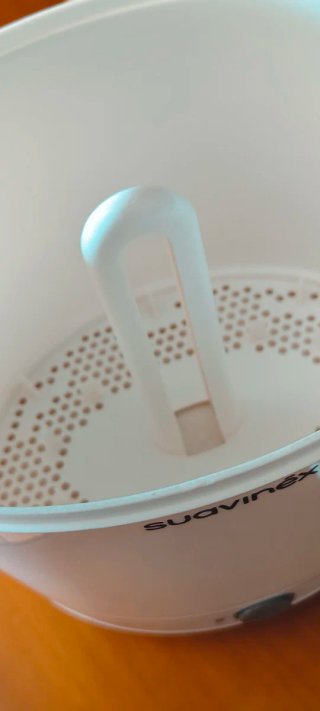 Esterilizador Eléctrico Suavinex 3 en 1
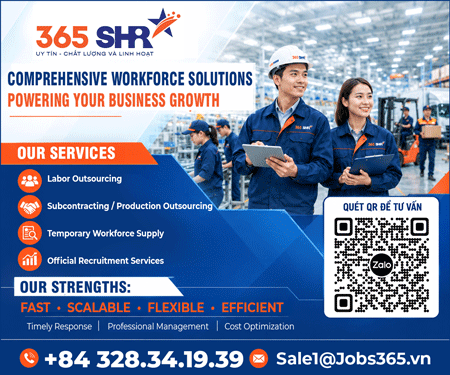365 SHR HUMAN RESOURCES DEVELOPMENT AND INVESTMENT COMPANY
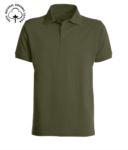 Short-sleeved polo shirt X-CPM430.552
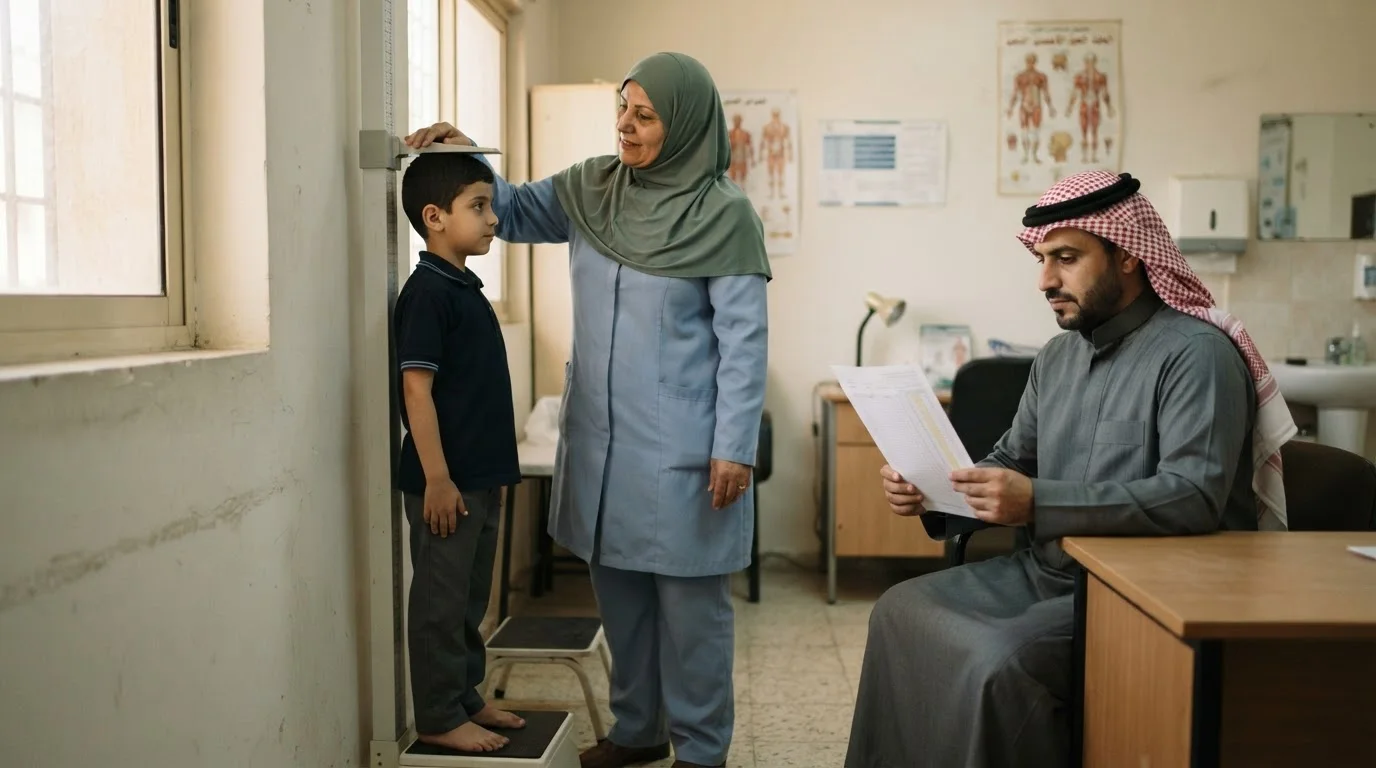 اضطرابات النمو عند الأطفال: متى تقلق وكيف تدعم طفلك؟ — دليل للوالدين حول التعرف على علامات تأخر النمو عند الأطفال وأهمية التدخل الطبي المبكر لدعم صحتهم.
-- -- --
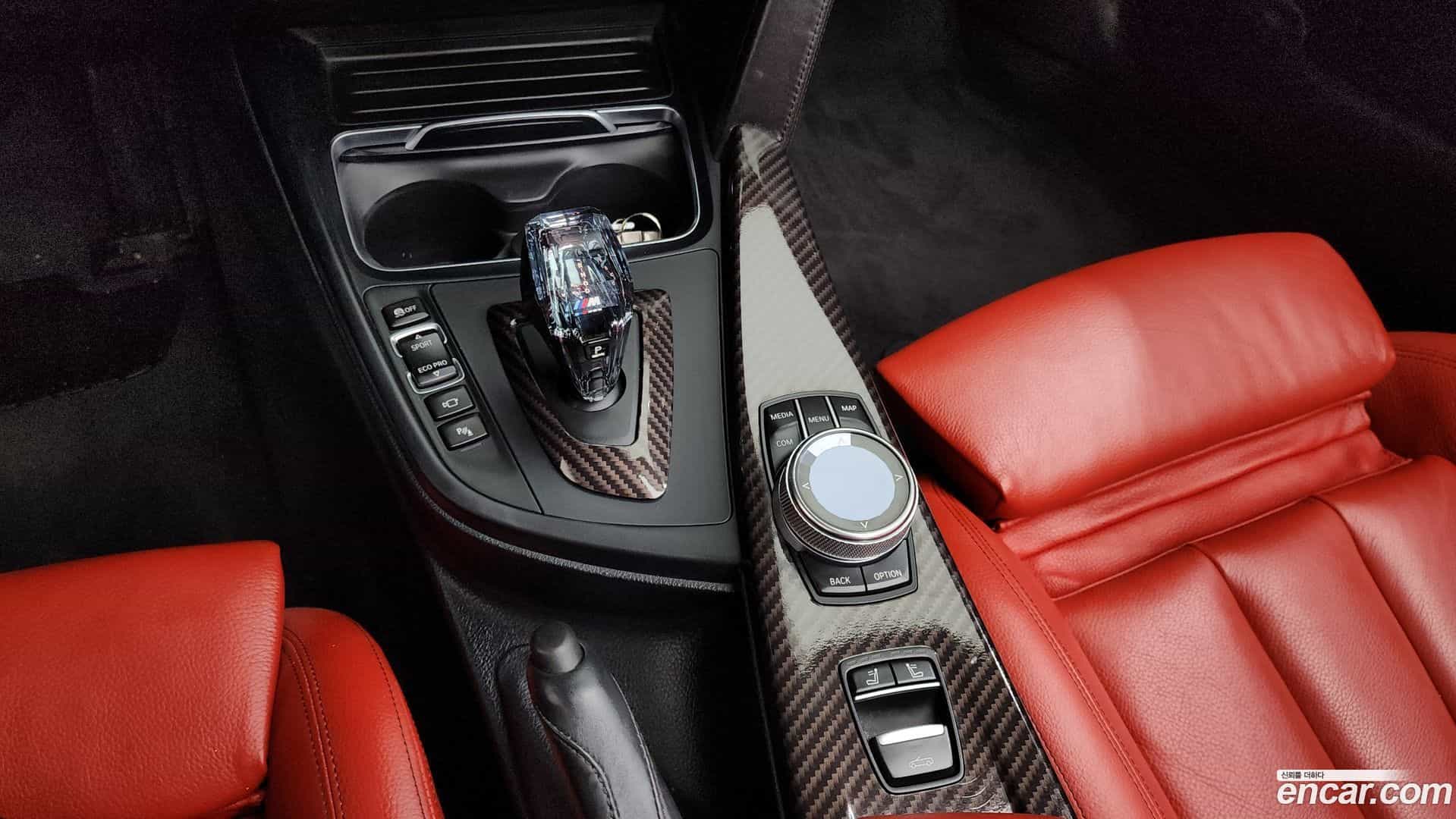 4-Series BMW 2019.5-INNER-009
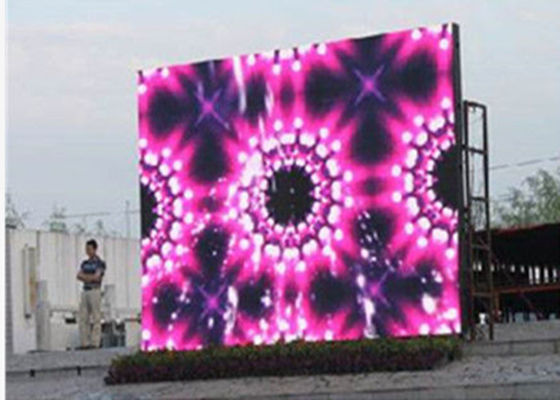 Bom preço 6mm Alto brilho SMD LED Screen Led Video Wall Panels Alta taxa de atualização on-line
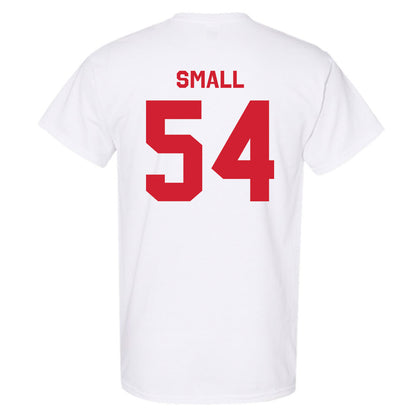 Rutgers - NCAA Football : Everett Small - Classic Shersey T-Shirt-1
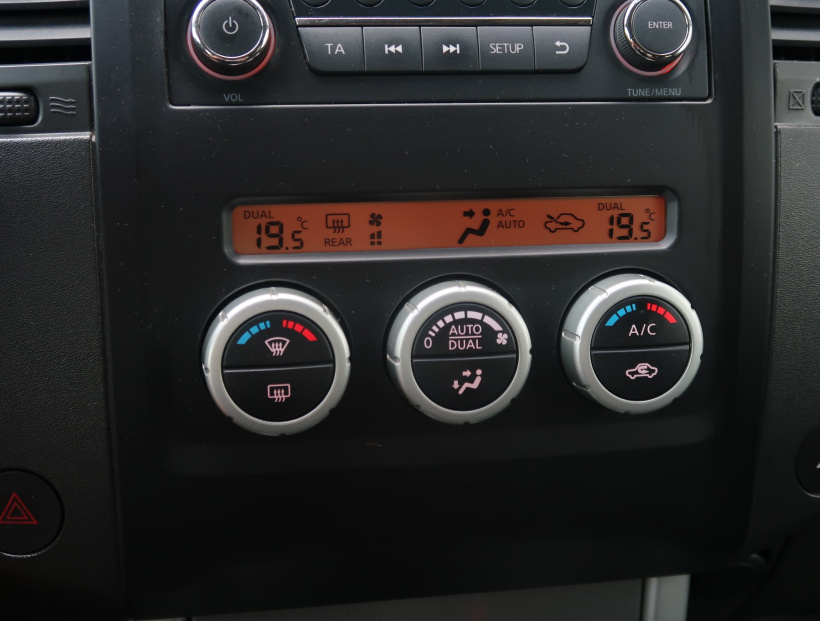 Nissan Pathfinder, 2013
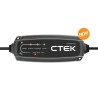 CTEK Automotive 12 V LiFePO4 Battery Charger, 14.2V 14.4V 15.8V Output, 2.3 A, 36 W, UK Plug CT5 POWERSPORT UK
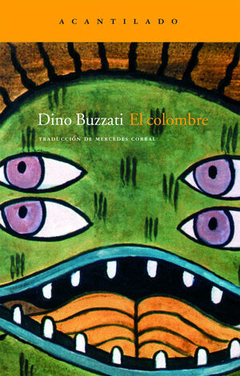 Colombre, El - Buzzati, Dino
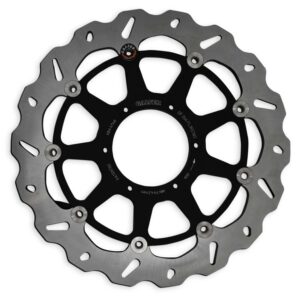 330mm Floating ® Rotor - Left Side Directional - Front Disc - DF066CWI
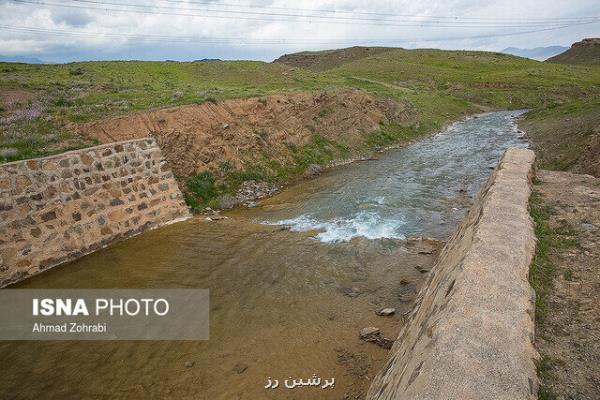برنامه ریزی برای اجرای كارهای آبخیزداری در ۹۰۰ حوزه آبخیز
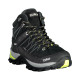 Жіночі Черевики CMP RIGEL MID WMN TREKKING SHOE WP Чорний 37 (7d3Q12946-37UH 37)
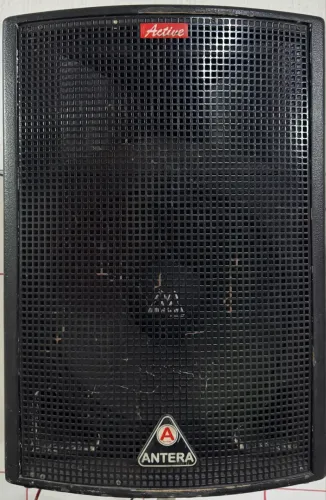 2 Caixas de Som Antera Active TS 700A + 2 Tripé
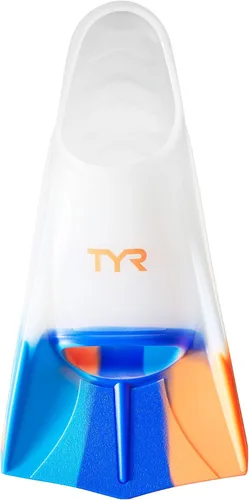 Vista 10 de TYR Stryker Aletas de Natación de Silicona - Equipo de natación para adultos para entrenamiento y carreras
-- -- --
_Problem statement_
Using the entries above, transcribe every line from the line containing "Colombre, El - Buzzati, Dino" through the line containing "Жіночі Черевики CMP". Do not copy pictures.

_Reply_
 Colombre, El - Buzzati, Dino
 330mm Floating ® Rotor - Left Side Directional - Front Disc - DF066CWI
برنامه ریزی برای اجرای كارهای آبخیزداری در ۹۰۰ حوزه آبخیز
 Жіночі Черевики CMP RIGEL MID WMN TREKKING SHOE WP Чорний 37 (7d3Q12946-37UH 37)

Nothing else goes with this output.